» **EXERCISE DATA**
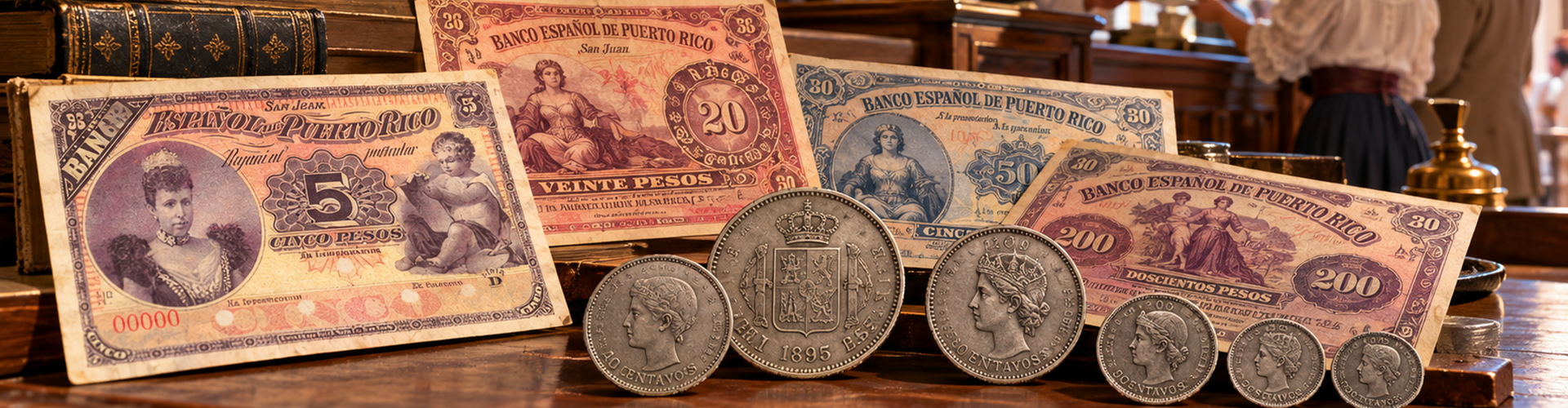 Puerto Rico's old money coins and bank notes illustration Puerto Rico's old money coins and bank notes illustration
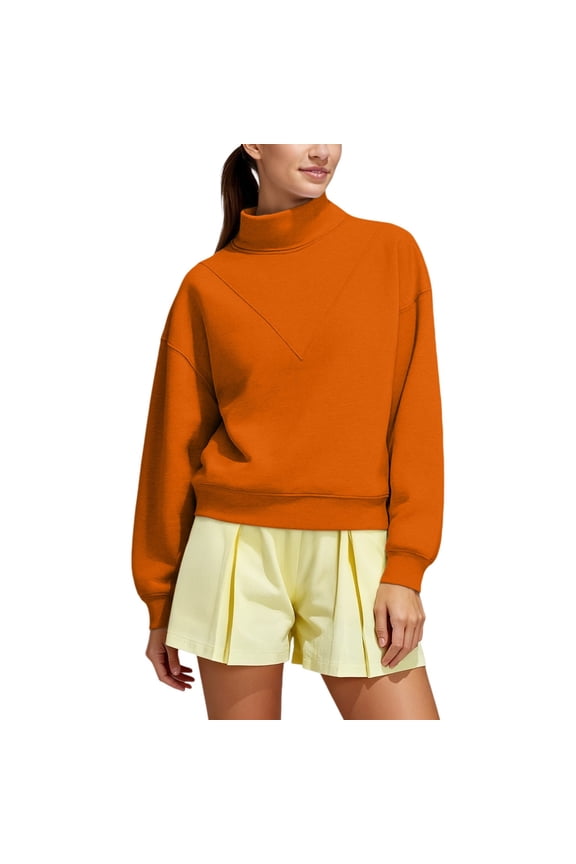 Women's Oversized Sweatshirt Turtleneck, Festive Oversized Turtleneck Pullover for Women Mock Sweatshirt Multiple Color Casual Long Sleeve Sweatshirt Mock Neck Sweatshirts, Orange 3XL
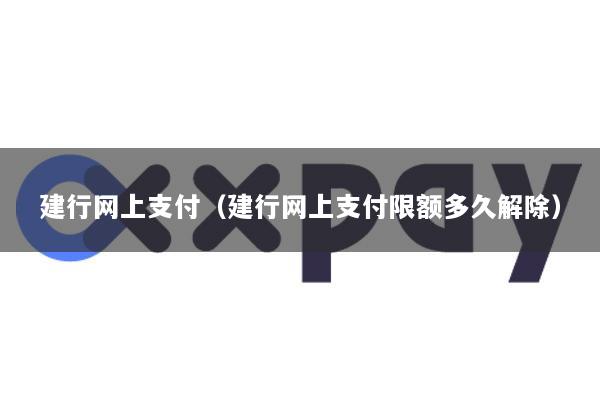 建行网上支付(建行网上支付限额多久解除)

» **INSTRUCTIONS TO FOLLOW**
Reproduce word for word the lines from the one containing "Women's Oversized Sweatshirt" through the end of the data, both ends kept. Drop the pictures.

» **TASK RESULT**
 Women's Oversized Sweatshirt Turtleneck, Festive Oversized Turtleneck Pullover for Women Mock Sweatshirt Multiple Color Casual Long Sleeve Sweatshirt Mock Neck Sweatshirts, Orange 3XL
 建行网上支付(建行网上支付限额多久解除)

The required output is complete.